The evaluation loop involves the following steps:
1. **Model Evaluation Mode**: The model is set to evaluation mode to disable dropout and batch normalization.
2. **Batch Loop**: The model processes the validation data in batches.
3. **Forward Pass**: The model makes predictions on the input data.
4. **Loss Calculation**: The loss between the predictions and the true labels is computed.
5. **Accuracy Calculation**: The accuracy of the model's predictions is calculated.
6. **F1 Score Calculation**: The F1 score is computed to evaluate the model's performance.

Here is the code implementation of the evaluation loop:

In [None]:
def evaluate_model(model, data_loader, criterion, device):
    model.eval()  # Set the model to evaluation mode
    running_loss = 0.0
    correct = 0
    total = 0
    all_labels = []
    all_predictions = []

    with torch.no_grad():  # Disable gradient computation during evaluation
        for inputs, labels in data_loader:
            inputs, labels = inputs.to(device), labels.to(device)

            outputs = model(inputs)
            loss = criterion(outputs, labels)

            running_loss += loss.item() * inputs.size(0)
            _, predicted = torch.max(outputs, 1)

            total += labels.size(0)
            correct += (predicted == labels).sum().item()

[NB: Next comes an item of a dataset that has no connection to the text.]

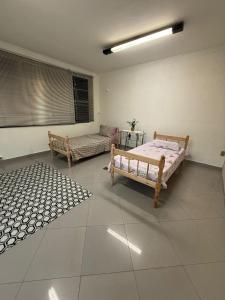 a bedroom with two beds and a rug at Hostel em SJC perto da rodoviária, centro,Embraer e cta in São José dos Campos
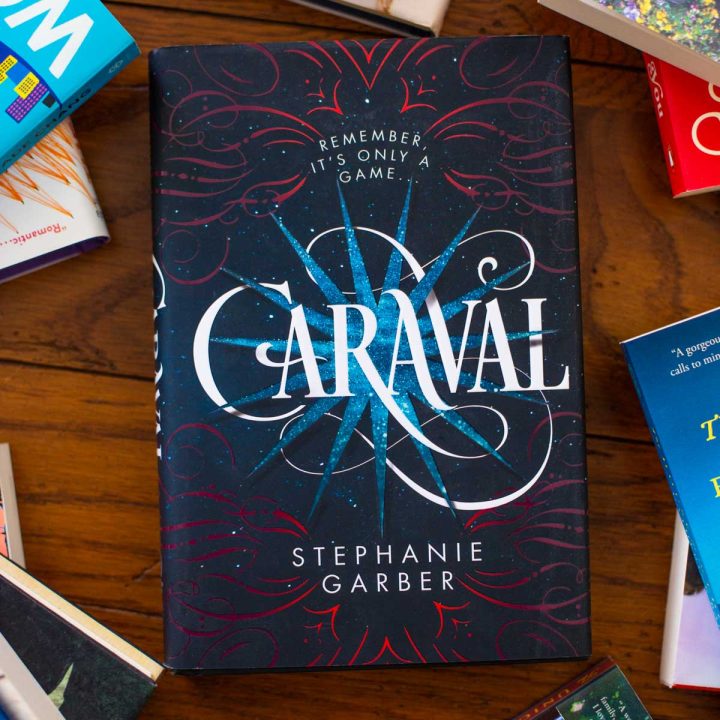 A copy of the book Caraval sits on the table.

            # Collect predictions and labels for F1 score calculation
            all_labels.extend(labels.cpu().numpy())
            all_predictions.extend(predicted.cpu().numpy())

    epoch_loss = running_loss / len(data_loader.dataset)
    epoch_acc = correct / total

    # Calculate F1 score
    f1 = f1_score(all_labels, all_predictions, average="weighted")  # Change "weighted" if you need macro or micro F1 score
    print(f"F1 Score: {f1:.4f}")

    return epoch_loss, epoch_acc

These functions together form the core of the training and evaluation process for our CNN model.